The availability of design and management resources is also encouraging contractors and subcontractors to be more choosy. The greatest constraint on the capacity of a major curtain wall specialist is its design office.

A complex scheme with limited repetition will require a disproportionate use of design resources. Large schemes with some repetition are therefore more attractive to bidders. Other trades requiring major design input, such as structures and services, face similar decisions.

The consolidation of the contracting market for major projects in London has coincided with a number of other factors that have led to a hardening of negotiating positions and prices:

 

  • Clients focusing on large mixed-use projects that consolidate management resource requirements and risk
  • Clients adopting risk-averse procurement on large projects
  • City clients that are seeking planning consent adopting signature architecture
  • Adoption of supply chain frameworks with first-tier
    specialist subcontractors has increased barriers to entry and taken away competitive pressure and diversity in the market
  • Loss of competitive pressure in first-tier specialist contractors, such as the curtain wall industry. n Main contractors have taken to negotiating packages with single subcontractors
  • Changing commercial positions of major contractors regarding overheads, profit and allowances for risk.
    This consolidation has been manifested in higher preliminaries, increased allowances for overheads and profit and a more aggressive approach to the pricing of risk.

 

As part of the trend towards negotiated two-stage procurement, main contractors are lining up specific projects for their preferred first-tier contractors. This has the effect of securing a portion of turnover before the procurement process. There are benefits to this approach, but also the downside of reduced competitive pressure.
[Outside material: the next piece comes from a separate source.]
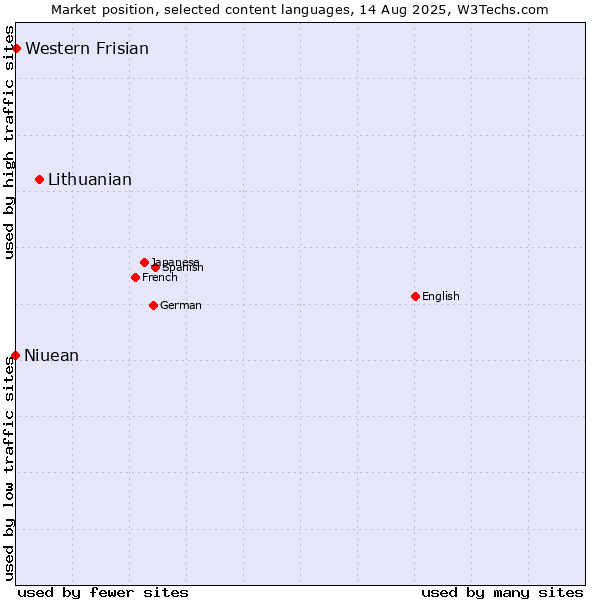 Market position of Lithuanian vs. Western Frisian vs. Niuean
The mid-scale market (new builds below £50m) appears to be less affected by these trends. A wider range of contractors is being attracted into the central London market and there is still some diversity in the first-tier supply chain at this range.

Across the UK, while competitive proposals are being secured for major projects, the same national contractors and subcontractors are expected to bid and the shortlists of interested contractors are getting shorter.